The following code comes from a real-world example with a beginner Julia-programmer calculating the position vector for a scalar field. The second version with the array replaced by a tuple is about 10x faster. This is because in each loop iteration the array causes a memory allocation, which is avoided with the tuple.
function run_it_array()
nx, ny, nz = 100, 200, 300
x = Array{Float64}(undef, 3)
Δx = [3., 5., 2.]
for i=1:nx, j=1:ny, k=1:nz
@. x = [i,j,k] * Δx
end
end
function run_it_tuple()
nx, ny, nz = 100, 200, 300
x = Array{Float64}(undef, 3)
Δx = [3., 5., 2.]
for i=1:nx, j=1:ny, k=1:nz
@. x = (i,j,k) * Δx
end
end
The second is about 10x faster:
julia> @time run_it_array()
0.133853 seconds (6.00 M allocations: 457.764 MiB, 2.62% gc time)
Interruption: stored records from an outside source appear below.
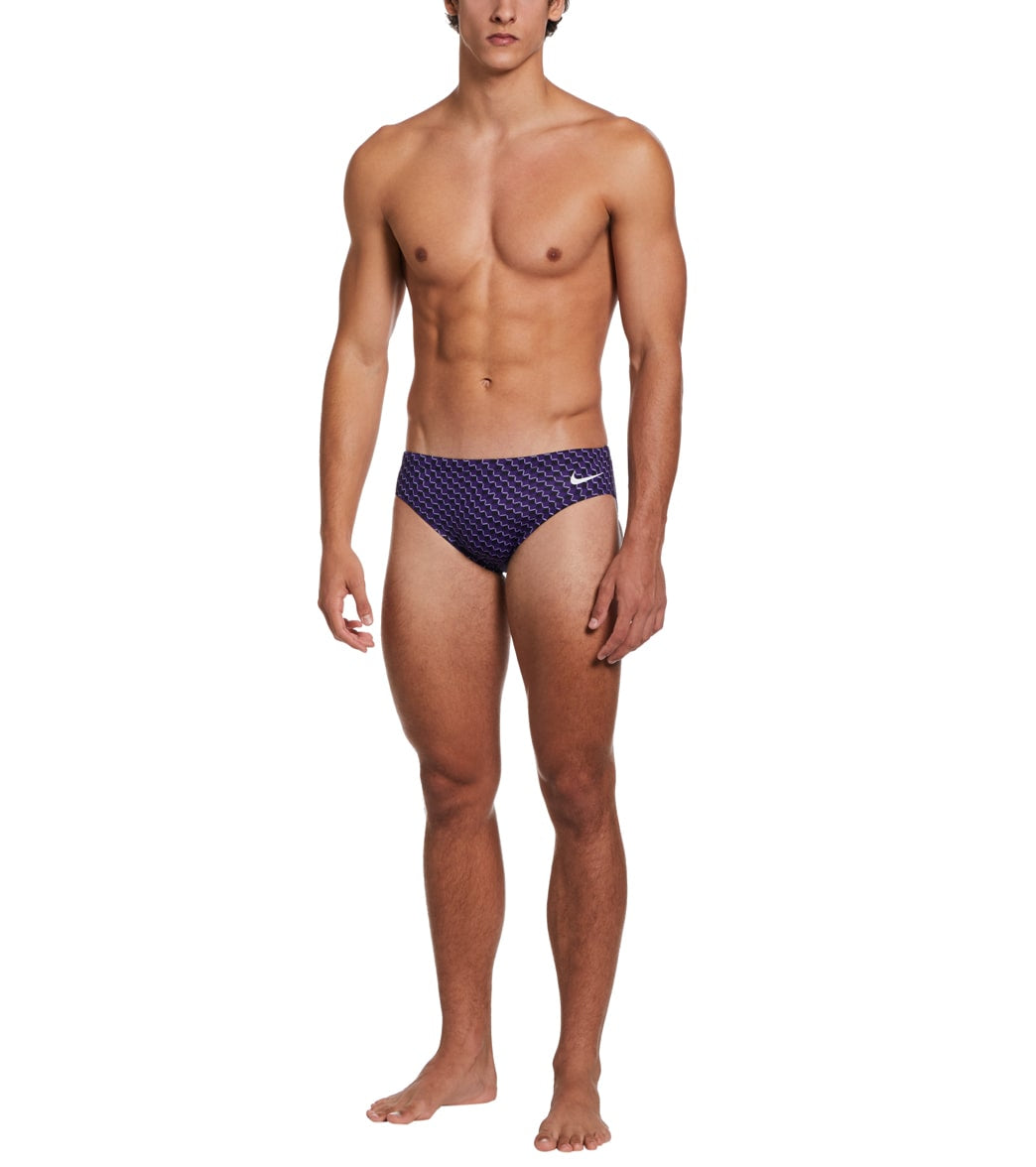Nike Men's Drippy Check Brief Swimsuit
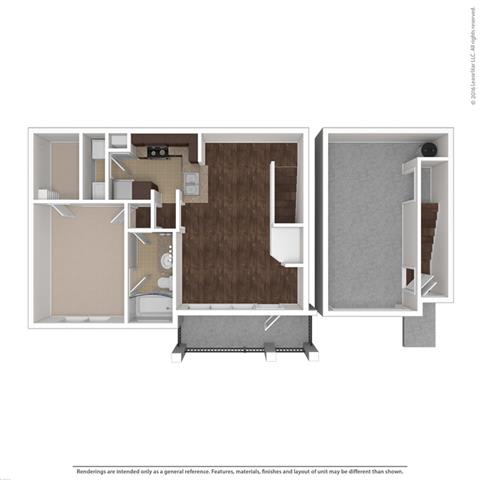 Cassini 1 Bed 1 Bath, 903 Square-Foot Floor Plan at Orion Prosper Lakes, Texas, 75078
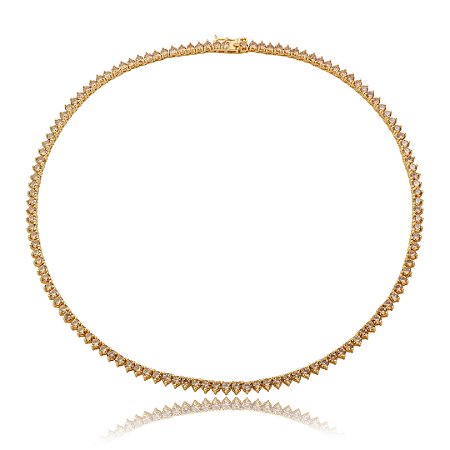 Colar de riviera cravejado de zircônia granada banho em ouro 18k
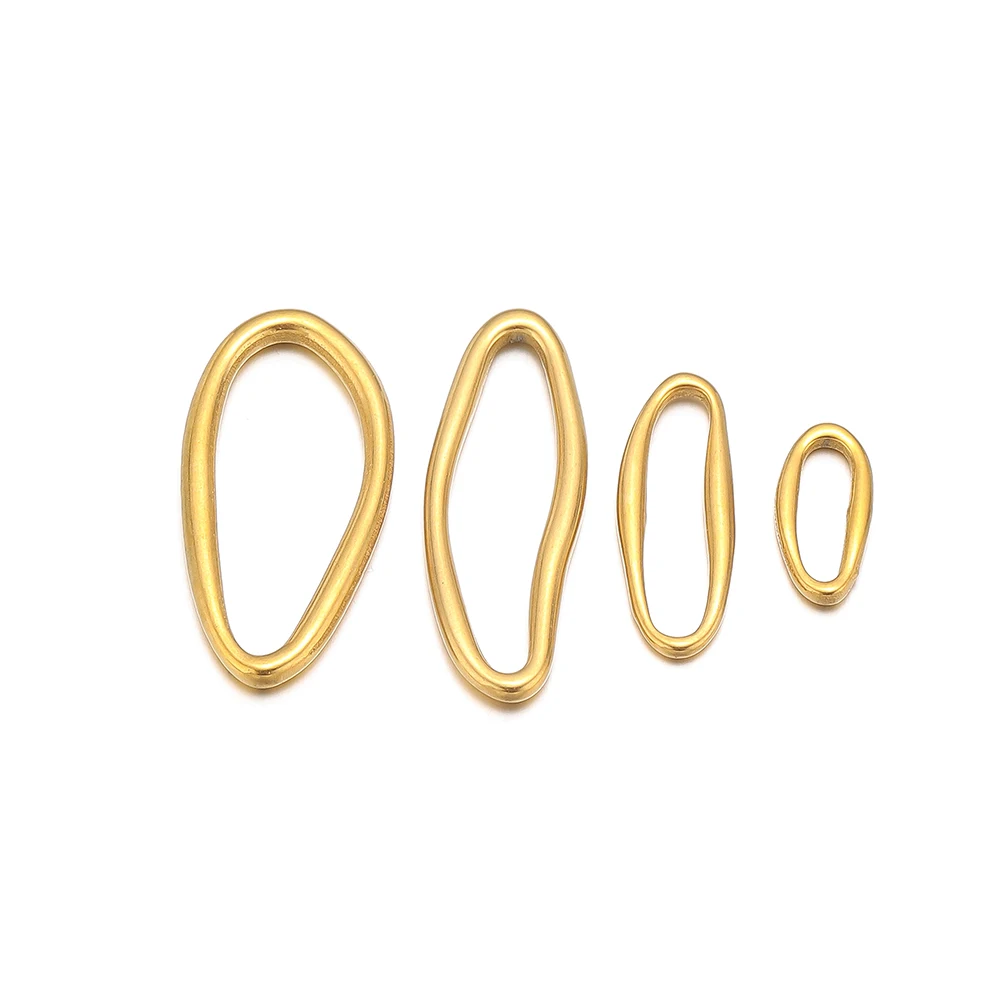 5pcs/lot Stainless Steel Gold Irregular Oval Charm for DIY Jewelry Exquisite Bracelet Necklace Earring Accessories Making Crafts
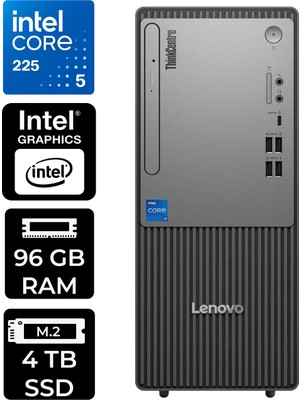 Lenovo Thinkcentre Neo 50T Gen 6 Intel Core Ultra 5 225 96GB 4tb SSD Fdos Masaüstü Bilgisayar & Per4 USB Bellek 13BD007UTRP320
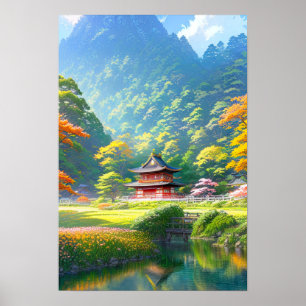 Shrine in Blossoming-Natuur Poster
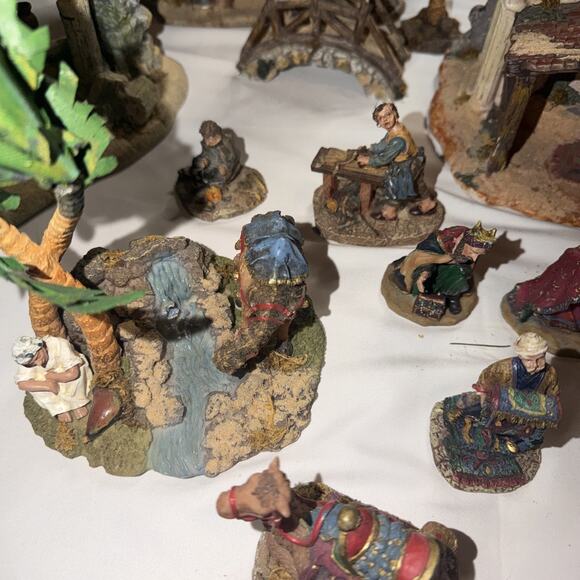 Vintage Christmas Nativity Scene 46 pc CERAMIC OLD WORLD STONE VILLAGE Bethlehem - Picture 4 of 16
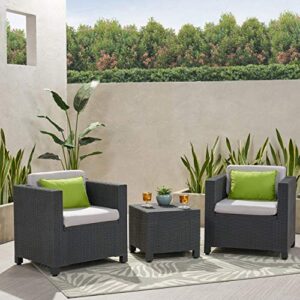 Christopher Knight Home 311164 Outdoor Conversation Sets, Dark Gray + Gray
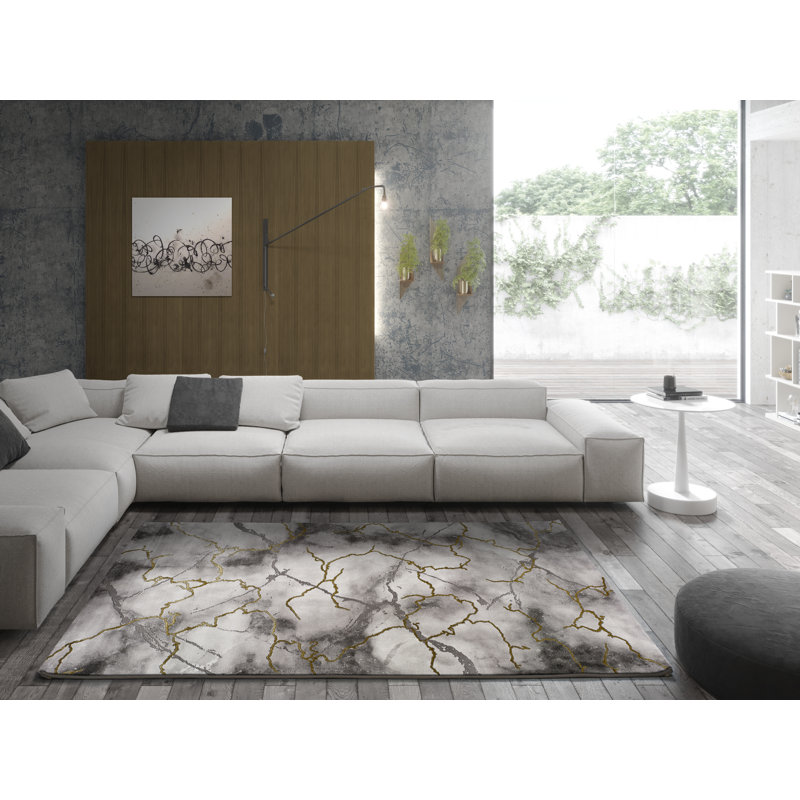 Lindiwe Machine Woven Grey Indoor Rug, Rectangle 140 x 200cm
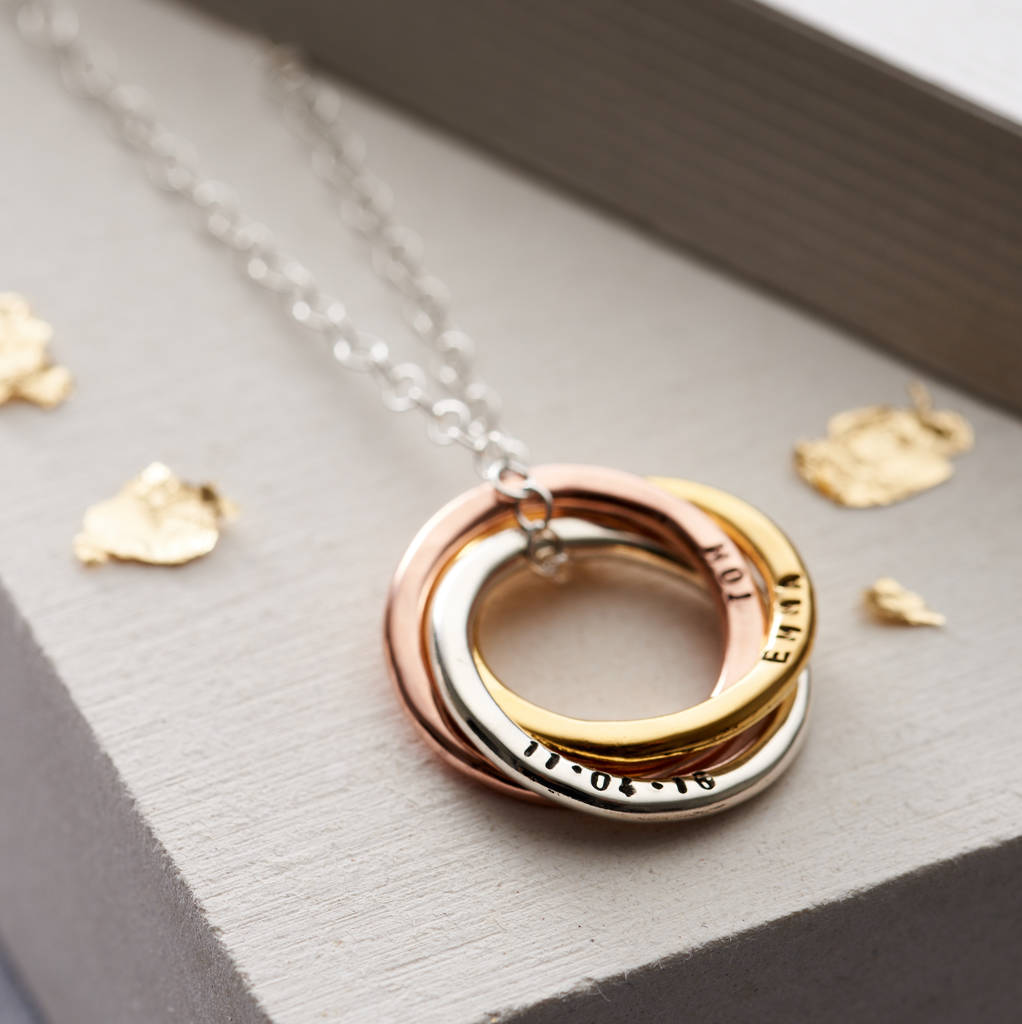 Personalised Mixed Gold Russian Ring Necklace, 1 of 12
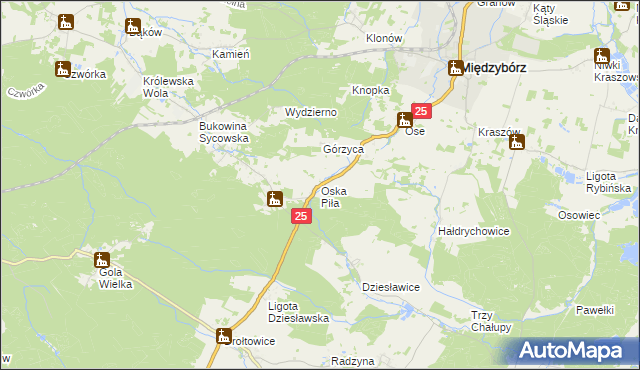 mapa Oska Piła, Oska Piła na mapie Targeo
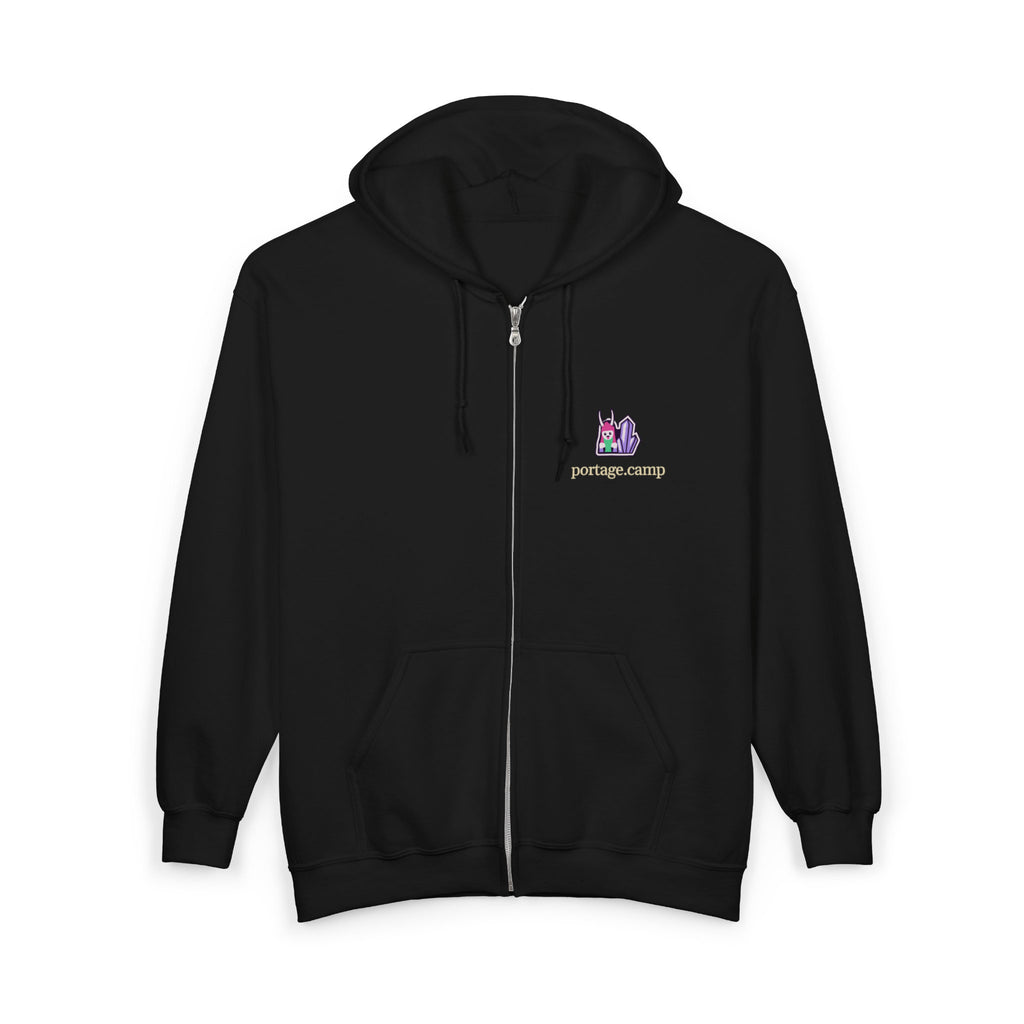 Amethyst After Hours Zip Hoodie in Black, front view with the Amethyst After Hours logo and portage.camp on the left chest. Digital product mockup.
julia> @time run_it_tuple()
0.014502 seconds (2 allocations: 160 bytes)
From a non-computer-science perspective this feels like nuts… “This one weird trick will speed up your code 10x…” (Sorry for the sarcasm; I’m just translating the real-world experience. It gives vibes of the 90s when people were sharing their weirdest C-code pointer-magic.)
So my question: Should Julia be able to optimize the array version? Going one step further, should Julia even be able to pre-allocate x
on its own without requiring the programmer to do it?